> MATERIALS PROVIDED:
****************************************

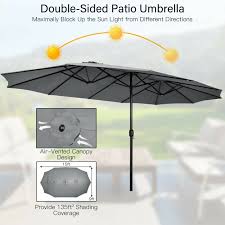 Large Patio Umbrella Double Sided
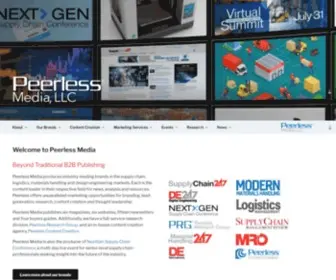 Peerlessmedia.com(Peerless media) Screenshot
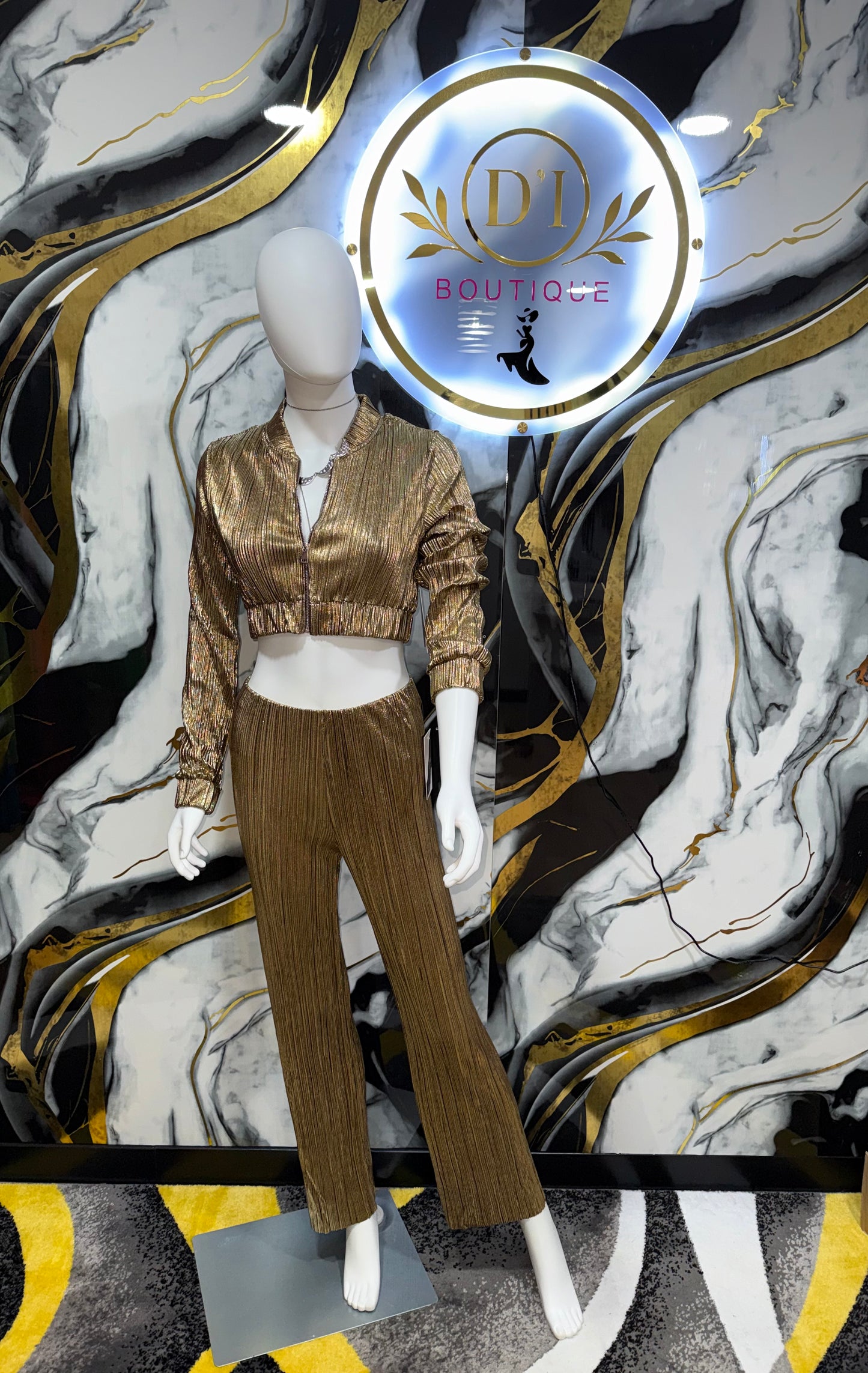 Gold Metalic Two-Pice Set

****************************************

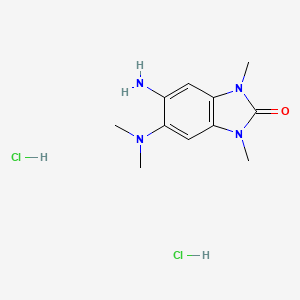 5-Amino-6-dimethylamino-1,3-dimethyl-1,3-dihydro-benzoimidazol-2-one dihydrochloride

****************************************

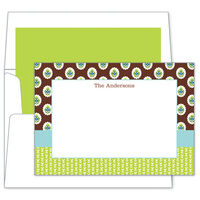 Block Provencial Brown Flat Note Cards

****************************************

> YOUR GOAL: In the listing above, find the line containing "Large Patio Umbrella Double Sided" and the line containing "Gold Metalic Two-Pice Set"; print those lines and every line between them exactly, leaving out pictures.

> EXERCISE RESPONSE:
 Large Patio Umbrella Double Sided
 Peerlessmedia.com(Peerless media) Screenshot
 Gold Metalic Two-Pice Set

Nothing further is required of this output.